*Task details*
Please set down every entry from the listing below, word for word.

*Given records*
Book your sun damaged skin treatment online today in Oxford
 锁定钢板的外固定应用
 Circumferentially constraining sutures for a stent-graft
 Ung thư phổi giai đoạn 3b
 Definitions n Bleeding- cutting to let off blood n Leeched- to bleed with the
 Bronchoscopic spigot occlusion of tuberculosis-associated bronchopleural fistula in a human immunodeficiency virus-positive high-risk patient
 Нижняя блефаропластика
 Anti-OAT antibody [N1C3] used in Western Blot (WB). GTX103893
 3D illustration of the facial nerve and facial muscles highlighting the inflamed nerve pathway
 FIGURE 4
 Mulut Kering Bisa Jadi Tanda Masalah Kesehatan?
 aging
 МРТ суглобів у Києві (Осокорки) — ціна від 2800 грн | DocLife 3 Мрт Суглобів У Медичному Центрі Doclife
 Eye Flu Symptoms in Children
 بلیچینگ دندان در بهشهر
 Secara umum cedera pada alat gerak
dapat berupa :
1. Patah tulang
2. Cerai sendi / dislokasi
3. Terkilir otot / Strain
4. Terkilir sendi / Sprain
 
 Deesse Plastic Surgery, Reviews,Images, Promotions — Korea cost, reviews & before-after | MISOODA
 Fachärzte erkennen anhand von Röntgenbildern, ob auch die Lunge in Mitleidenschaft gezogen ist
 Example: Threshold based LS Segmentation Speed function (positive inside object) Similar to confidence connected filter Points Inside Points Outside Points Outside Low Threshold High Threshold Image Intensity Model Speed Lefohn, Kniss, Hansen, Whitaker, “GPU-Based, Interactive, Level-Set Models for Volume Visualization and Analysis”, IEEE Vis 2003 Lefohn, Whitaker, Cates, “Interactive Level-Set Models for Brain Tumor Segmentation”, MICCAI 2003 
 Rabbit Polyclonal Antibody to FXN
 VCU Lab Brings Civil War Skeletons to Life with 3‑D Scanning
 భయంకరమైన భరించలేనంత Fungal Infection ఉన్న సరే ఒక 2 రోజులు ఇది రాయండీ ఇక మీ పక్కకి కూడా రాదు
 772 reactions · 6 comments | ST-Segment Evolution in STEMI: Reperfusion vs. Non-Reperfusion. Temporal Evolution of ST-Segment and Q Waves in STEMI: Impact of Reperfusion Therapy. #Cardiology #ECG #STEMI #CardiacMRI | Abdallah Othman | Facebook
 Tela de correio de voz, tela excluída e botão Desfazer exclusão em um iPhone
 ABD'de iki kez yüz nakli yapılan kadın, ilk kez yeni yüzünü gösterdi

*Solution to this task*
Book your sun damaged skin treatment online today in Oxford
 锁定钢板的外固定应用
 Circumferentially constraining sutures for a stent-graft
 Ung thư phổi giai đoạn 3b
 Definitions n Bleeding- cutting to let off blood n Leeched- to bleed with the
 Bronchoscopic spigot occlusion of tuberculosis-associated bronchopleural fistula in a human immunodeficiency virus-positive high-risk patient
 Нижняя блефаропластика
 Anti-OAT antibody [N1C3] used in Western Blot (WB). GTX103893
 3D illustration of the facial nerve and facial muscles highlighting the inflamed nerve pathway
 FIGURE 4
 Mulut Kering Bisa Jadi Tanda Masalah Kesehatan?
 aging
 МРТ суглобів у Києві (Осокорки) — ціна від 2800 грн | DocLife 3 Мрт Суглобів У Медичному Центрі Doclife
 Eye Flu Symptoms in Children
 بلیچینگ دندان در بهشهر
 Secara umum cedera pada alat gerak
dapat berupa :
1. Patah tulang
2. Cerai sendi / dislokasi
3. Terkilir otot / Strain
4. Terkilir sendi / Sprain
 
 Deesse Plastic Surgery, Reviews,Images, Promotions — Korea cost, reviews & before-after | MISOODA
 Fachärzte erkennen anhand von Röntgenbildern, ob auch die Lunge in Mitleidenschaft gezogen ist
 Example: Threshold based LS Segmentation Speed function (positive inside object) Similar to confidence connected filter Points Inside Points Outside Points Outside Low Threshold High Threshold Image Intensity Model Speed Lefohn, Kniss, Hansen, Whitaker, “GPU-Based, Interactive, Level-Set Models for Volume Visualization and Analysis”, IEEE Vis 2003 Lefohn, Whitaker, Cates, “Interactive Level-Set Models for Brain Tumor Segmentation”, MICCAI 2003 
 Rabbit Polyclonal Antibody to FXN
 VCU Lab Brings Civil War Skeletons to Life with 3‑D Scanning
 భయంకరమైన భరించలేనంత Fungal Infection ఉన్న సరే ఒక 2 రోజులు ఇది రాయండీ ఇక మీ పక్కకి కూడా రాదు
 772 reactions · 6 comments | ST-Segment Evolution in STEMI: Reperfusion vs. Non-Reperfusion. Temporal Evolution of ST-Segment and Q Waves in STEMI: Impact of Reperfusion Therapy. #Cardiology #ECG #STEMI #CardiacMRI | Abdallah Othman | Facebook
 Tela de correio de voz, tela excluída e botão Desfazer exclusão em um iPhone
 ABD'de iki kez yüz nakli yapılan kadın, ilk kez yeni yüzünü gösterdi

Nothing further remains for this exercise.